> Required work
Type the listing below out again exactly. No images.

> Material shown

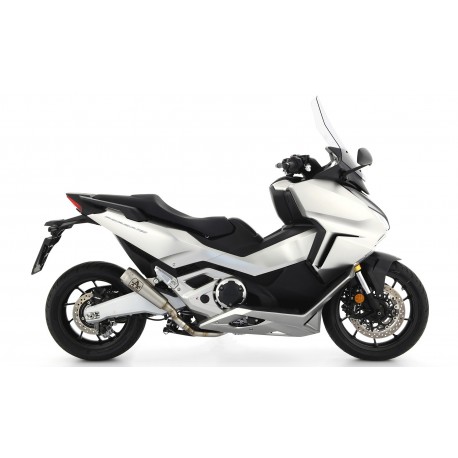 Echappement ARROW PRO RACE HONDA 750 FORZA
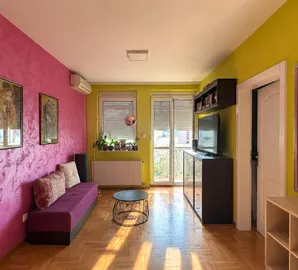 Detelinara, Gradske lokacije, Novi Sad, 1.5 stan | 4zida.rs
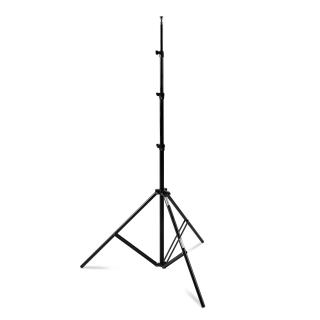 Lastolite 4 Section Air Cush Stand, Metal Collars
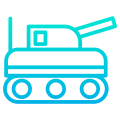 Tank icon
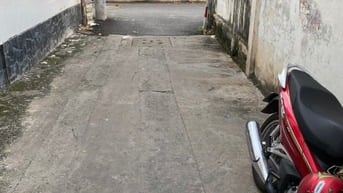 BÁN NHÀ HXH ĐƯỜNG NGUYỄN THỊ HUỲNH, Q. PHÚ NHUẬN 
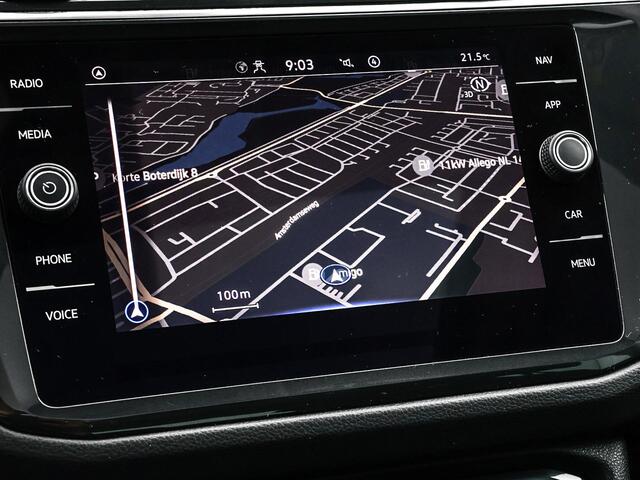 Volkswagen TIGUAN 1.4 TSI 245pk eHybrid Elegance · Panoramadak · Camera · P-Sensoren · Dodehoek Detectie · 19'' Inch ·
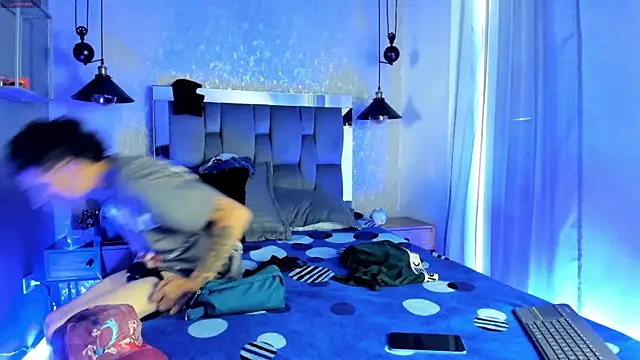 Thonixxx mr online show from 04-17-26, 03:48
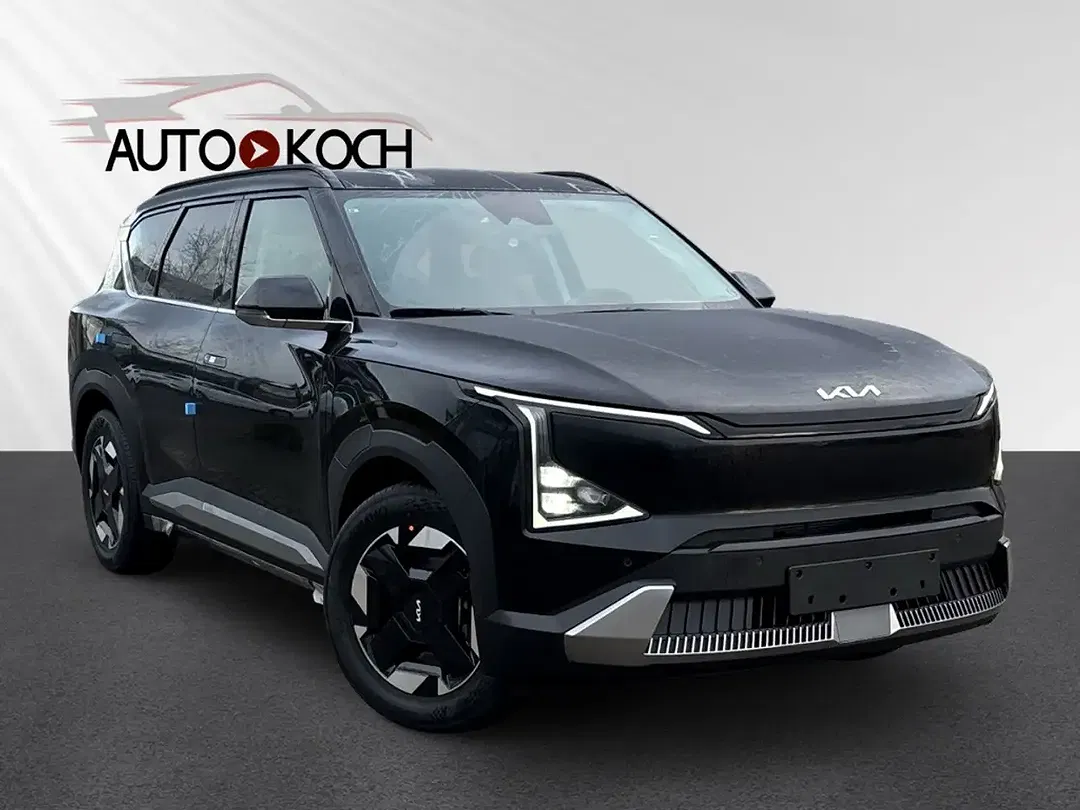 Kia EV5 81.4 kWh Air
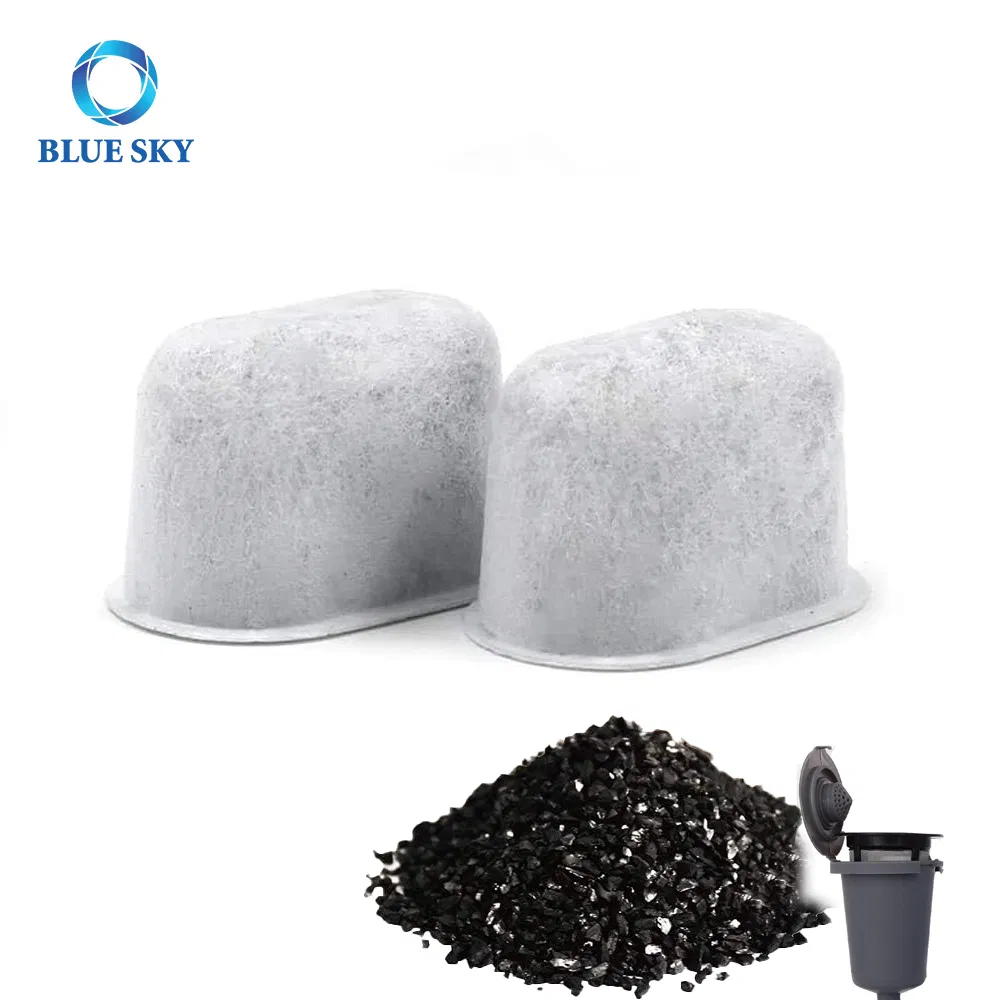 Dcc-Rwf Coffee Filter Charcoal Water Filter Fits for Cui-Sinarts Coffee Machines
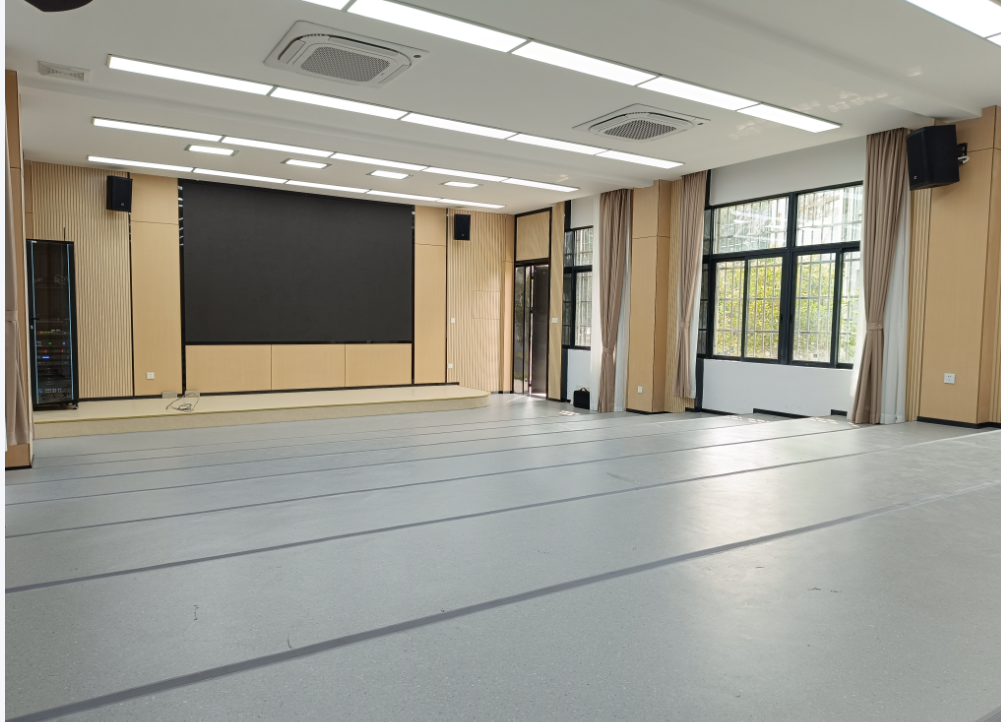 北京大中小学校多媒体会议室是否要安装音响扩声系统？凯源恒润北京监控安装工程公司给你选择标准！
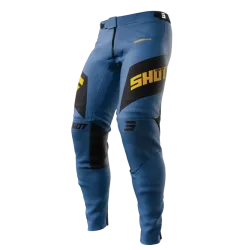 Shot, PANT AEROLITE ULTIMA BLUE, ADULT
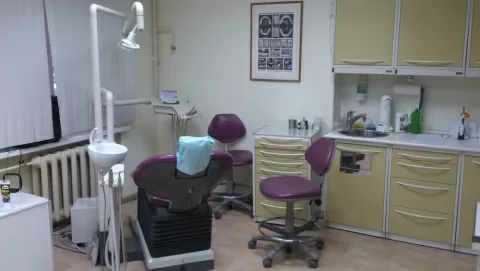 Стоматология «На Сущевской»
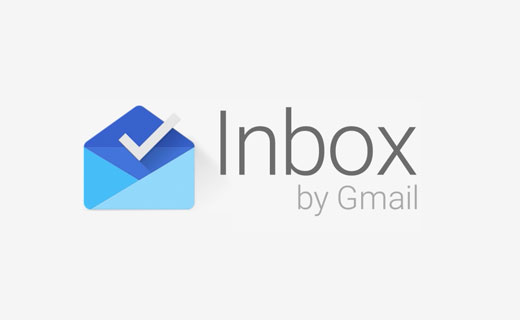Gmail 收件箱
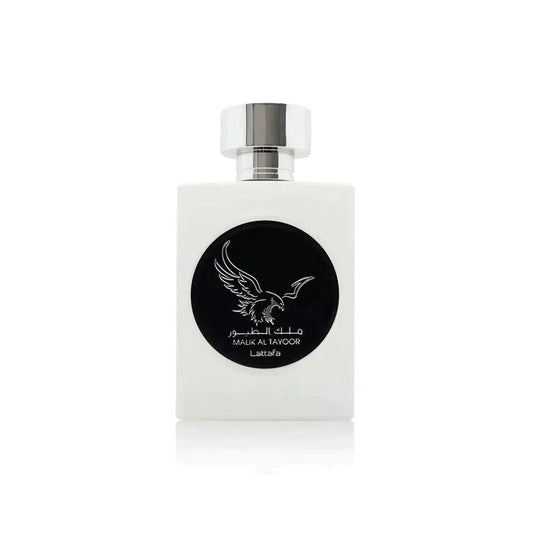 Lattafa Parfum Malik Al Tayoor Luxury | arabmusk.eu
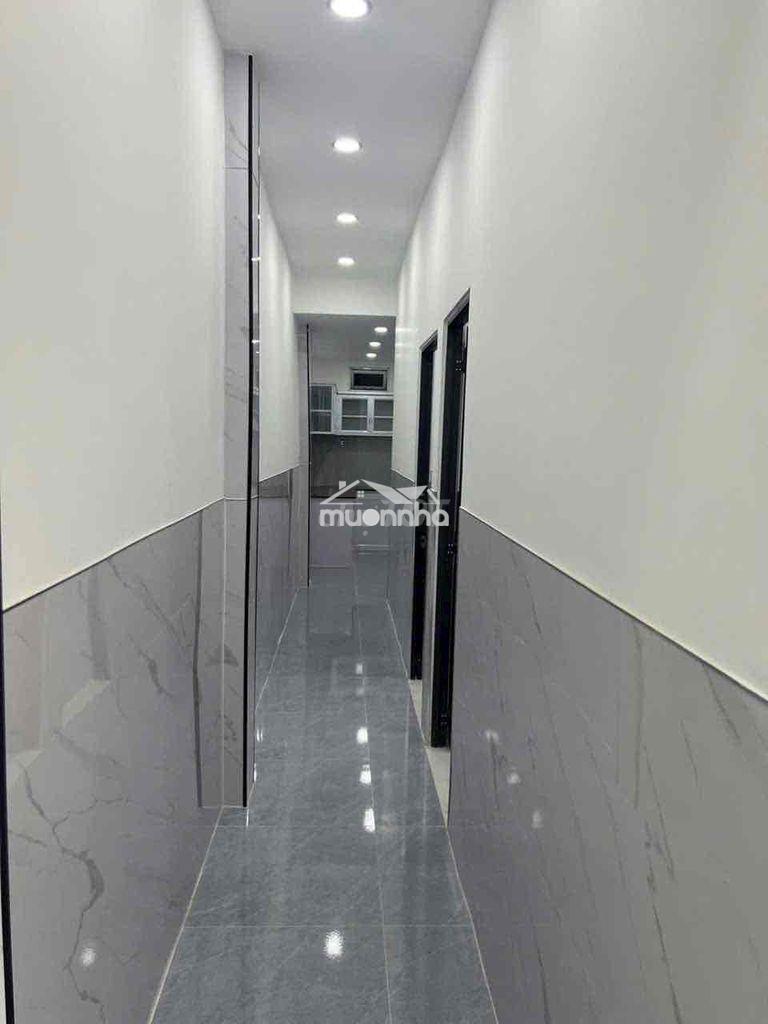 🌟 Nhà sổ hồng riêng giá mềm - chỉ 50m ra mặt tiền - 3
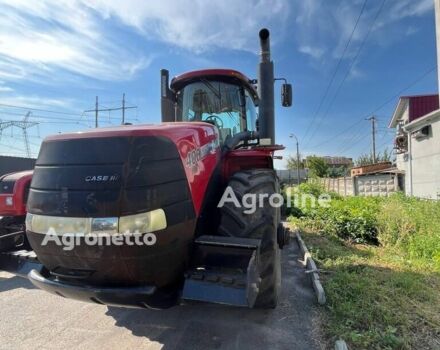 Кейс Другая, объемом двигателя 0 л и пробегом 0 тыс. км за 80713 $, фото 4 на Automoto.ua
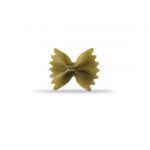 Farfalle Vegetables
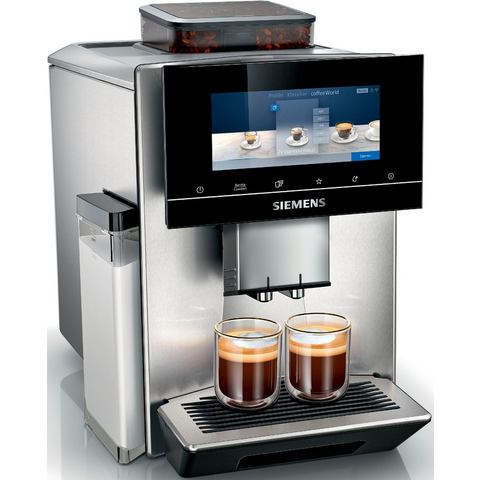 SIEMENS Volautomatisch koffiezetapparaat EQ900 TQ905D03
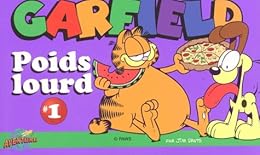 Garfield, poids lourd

> Task result
 Echappement ARROW PRO RACE HONDA 750 FORZA
 Detelinara, Gradske lokacije, Novi Sad, 1.5 stan | 4zida.rs
 Lastolite 4 Section Air Cush Stand, Metal Collars
 Tank icon
 BÁN NHÀ HXH ĐƯỜNG NGUYỄN THỊ HUỲNH, Q. PHÚ NHUẬN 
 Volkswagen TIGUAN 1.4 TSI 245pk eHybrid Elegance · Panoramadak · Camera · P-Sensoren · Dodehoek Detectie · 19'' Inch ·
 Thonixxx mr online show from 04-17-26, 03:48
 Kia EV5 81.4 kWh Air
 Dcc-Rwf Coffee Filter Charcoal Water Filter Fits for Cui-Sinarts Coffee Machines
 北京大中小学校多媒体会议室是否要安装音响扩声系统？凯源恒润北京监控安装工程公司给你选择标准！
 Shot, PANT AEROLITE ULTIMA BLUE, ADULT
 Стоматология «На Сущевской»
Gmail 收件箱
 Lattafa Parfum Malik Al Tayoor Luxury | arabmusk.eu
 🌟 Nhà sổ hồng riêng giá mềm - chỉ 50m ra mặt tiền - 3
 Кейс Другая, объемом двигателя 0 л и пробегом 0 тыс. км за 80713 $, фото 4 на Automoto.ua
 Farfalle Vegetables
 SIEMENS Volautomatisch koffiezetapparaat EQ900 TQ905D03
 Garfield, poids lourd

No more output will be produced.